Short, Very Short, Shorter-than-Ever Stories

by Rebecca Kai Dotlich ; illustrated by Fred Koehler

Pub Date: Oct. 1st, 2015
ISBN: 978-1-62091-451-9
Publisher: Boyds Mills

The short stories in this picture book rely heavily on accompanying art to fill in the spaces between beginnings and ends.

Dotlich’s book begins with the statement that “For every STORY there is a BEGINNING and an END, but what happens IN BETWEEN makes ALL the DIFFERENCE.” Subsequent pages follow a little girl’s brief adventures. Each begins, “One day…” and introduces a scenario, then concludes with “The End.” In between opening and closing lines, Koehler’s art provides visual narrative content for the meat of the story.

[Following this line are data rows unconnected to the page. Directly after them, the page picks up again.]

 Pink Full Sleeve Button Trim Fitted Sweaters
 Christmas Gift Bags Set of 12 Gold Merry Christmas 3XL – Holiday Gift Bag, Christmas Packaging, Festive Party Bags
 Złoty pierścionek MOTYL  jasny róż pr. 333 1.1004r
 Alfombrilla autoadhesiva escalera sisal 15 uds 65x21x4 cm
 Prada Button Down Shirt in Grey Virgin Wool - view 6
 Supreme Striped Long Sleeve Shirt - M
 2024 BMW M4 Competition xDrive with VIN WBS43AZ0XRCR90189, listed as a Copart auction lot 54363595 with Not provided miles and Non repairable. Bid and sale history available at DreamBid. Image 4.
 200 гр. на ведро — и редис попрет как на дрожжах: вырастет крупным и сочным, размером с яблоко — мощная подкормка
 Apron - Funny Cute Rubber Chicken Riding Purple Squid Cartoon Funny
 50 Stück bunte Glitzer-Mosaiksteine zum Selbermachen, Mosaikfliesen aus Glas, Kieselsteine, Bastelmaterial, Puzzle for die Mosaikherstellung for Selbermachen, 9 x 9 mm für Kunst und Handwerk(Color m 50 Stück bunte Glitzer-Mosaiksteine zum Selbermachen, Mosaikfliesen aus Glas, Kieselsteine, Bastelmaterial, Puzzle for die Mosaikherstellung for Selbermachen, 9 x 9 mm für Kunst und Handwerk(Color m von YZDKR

For example, the first story reads: “One Day…I WENT TO SCHOOL. I CAME HOME. The End.” Accompanying illustrations show the girl playing with a cat during her walk to school, then racing in late to school, then making a mess in science class, then walking dejectedly home, then cheering up at the sight of an ice cream truck, then feeling sad when her ice cream falls on the ground, and then feeling happy again because she apparently picked up the ice cream and plopped it back on the cone. Perhaps the book’s conceit is supposed to inspire children to use words to “create their own middles” (as the dedication page reads), but describing the action of a picture that does just this seems quite a different task than imagining a middle by oneself.

A well-intentioned conceit that risks undoing itself.